La muerte es, en esencia, una palabra relativa; un término que apenas alcanza a describir un cambio de estado. Tras haber acompañado a amigos en sus últimos momentos, me he enfrentado a ese silencio donde las palabras cesan y las preguntas sobre el sentido de la existencia parecen no tener respuesta.

Sin embargo, el principio bahá’í nos recuerda que: «La ciencia y la religión son las dos alas del mismo pájaro: la humanidad solo puede elevarse hacia la verdad cuando ambas vuelan en equilibrio». Esta integración entre la visión existencial de Albert Einstein y las enseñanzas de Bahá’u’lláh revela una arquitectura del universo coherente, donde la ciencia de la conciencia y la espiritualidad se funden, aceptando que la realidad no admite duplicidad.

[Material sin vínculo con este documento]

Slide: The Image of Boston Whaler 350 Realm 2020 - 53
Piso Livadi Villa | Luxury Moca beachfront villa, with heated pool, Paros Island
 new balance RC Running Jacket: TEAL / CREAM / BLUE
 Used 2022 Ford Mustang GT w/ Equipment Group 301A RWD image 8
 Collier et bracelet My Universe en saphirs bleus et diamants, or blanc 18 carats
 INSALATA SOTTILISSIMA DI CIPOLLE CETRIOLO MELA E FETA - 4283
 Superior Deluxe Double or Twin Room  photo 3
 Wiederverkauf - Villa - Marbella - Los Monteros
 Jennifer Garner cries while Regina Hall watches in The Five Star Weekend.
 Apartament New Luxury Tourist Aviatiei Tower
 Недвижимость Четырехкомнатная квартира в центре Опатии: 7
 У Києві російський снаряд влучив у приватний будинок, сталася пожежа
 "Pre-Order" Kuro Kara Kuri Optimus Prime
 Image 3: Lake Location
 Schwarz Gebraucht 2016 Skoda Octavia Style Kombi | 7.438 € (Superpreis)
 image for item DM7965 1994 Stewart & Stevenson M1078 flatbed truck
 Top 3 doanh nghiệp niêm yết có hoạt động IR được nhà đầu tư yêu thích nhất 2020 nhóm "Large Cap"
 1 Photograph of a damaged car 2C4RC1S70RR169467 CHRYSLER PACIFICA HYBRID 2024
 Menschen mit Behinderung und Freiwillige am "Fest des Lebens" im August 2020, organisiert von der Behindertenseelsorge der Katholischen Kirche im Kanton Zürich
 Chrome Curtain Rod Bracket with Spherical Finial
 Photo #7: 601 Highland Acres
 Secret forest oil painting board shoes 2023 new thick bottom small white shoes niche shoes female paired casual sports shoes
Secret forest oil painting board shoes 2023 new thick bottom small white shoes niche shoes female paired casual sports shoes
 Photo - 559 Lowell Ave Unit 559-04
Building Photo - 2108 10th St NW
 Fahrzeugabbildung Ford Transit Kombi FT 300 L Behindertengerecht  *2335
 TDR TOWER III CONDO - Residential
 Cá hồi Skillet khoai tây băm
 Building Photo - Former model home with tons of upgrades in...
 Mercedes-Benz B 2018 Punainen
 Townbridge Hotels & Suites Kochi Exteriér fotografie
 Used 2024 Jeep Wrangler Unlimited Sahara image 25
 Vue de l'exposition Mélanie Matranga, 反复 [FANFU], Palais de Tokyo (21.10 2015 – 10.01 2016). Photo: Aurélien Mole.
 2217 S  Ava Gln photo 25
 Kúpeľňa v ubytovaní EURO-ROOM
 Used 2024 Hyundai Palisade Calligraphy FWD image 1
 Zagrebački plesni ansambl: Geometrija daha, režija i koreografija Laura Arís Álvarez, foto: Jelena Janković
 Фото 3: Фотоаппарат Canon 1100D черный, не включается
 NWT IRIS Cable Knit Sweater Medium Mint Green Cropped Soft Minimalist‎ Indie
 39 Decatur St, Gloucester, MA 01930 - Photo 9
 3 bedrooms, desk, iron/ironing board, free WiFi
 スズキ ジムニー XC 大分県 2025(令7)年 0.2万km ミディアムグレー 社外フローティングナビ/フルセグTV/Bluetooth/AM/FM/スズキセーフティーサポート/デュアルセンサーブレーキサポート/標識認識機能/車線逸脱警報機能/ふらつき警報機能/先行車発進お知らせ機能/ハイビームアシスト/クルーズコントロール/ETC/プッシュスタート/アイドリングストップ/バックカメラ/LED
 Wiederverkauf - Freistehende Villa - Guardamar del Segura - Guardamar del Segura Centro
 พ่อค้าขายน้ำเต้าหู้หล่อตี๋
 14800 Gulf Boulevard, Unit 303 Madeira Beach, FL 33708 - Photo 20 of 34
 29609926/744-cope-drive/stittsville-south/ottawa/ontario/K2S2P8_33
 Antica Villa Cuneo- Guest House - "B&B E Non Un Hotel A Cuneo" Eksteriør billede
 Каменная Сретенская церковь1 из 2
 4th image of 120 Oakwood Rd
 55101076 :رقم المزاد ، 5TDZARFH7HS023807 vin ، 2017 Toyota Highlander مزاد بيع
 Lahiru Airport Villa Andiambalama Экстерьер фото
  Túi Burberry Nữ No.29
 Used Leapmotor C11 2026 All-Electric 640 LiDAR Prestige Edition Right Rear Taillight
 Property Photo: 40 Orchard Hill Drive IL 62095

Para comprender el misterio del viaje de partida, es necesario remitirse al de llegada. La analogía del niño por nacer dentro del pequeño mundo de la placenta es fundamental: allí se desarrollan órganos que no tienen, en apariencia, utilidad en ese entorno, pero que son indispensables para el mundo exterior. Del mismo modo, nuestra vida terrenal es un periodo de gestación para adquirir las herramientas espirituales necesarias para existir en los mundos venideros.

Esta vida es nuestra mayor bendición, pues es el único plano donde, mediante la elección consciente, podemos hacer crecer nuestra realidad espiritual.

La piedra angular de este proceso de gestación es la veracidad, base de todas las virtudes humanas. Sin ella, el progreso en los mundos superiores es irrealizable, pues un alma cimentada en la falsedad no encuentra sustentación ni sintonía en las dimensiones de luz divina. La veracidad es la coherencia que permite que nuestra conciencia se entrelace con el campo universal que Einstein intuía al sostener que la conciencia no es un producto de la materia, sino anterior a ella.

Expandir esa conciencia es nuestra misión vital. Quienes transitan la existencia sin reconocer este propósito se enfrentan a un camino arduo, pues el trabajo de «educar el alma» se vuelve infinitamente más complejo una vez que esta abandona el cuerpo.

*Representante de la fe Bahá’í ante el Comité Interreligioso por la Paz (Comipaz).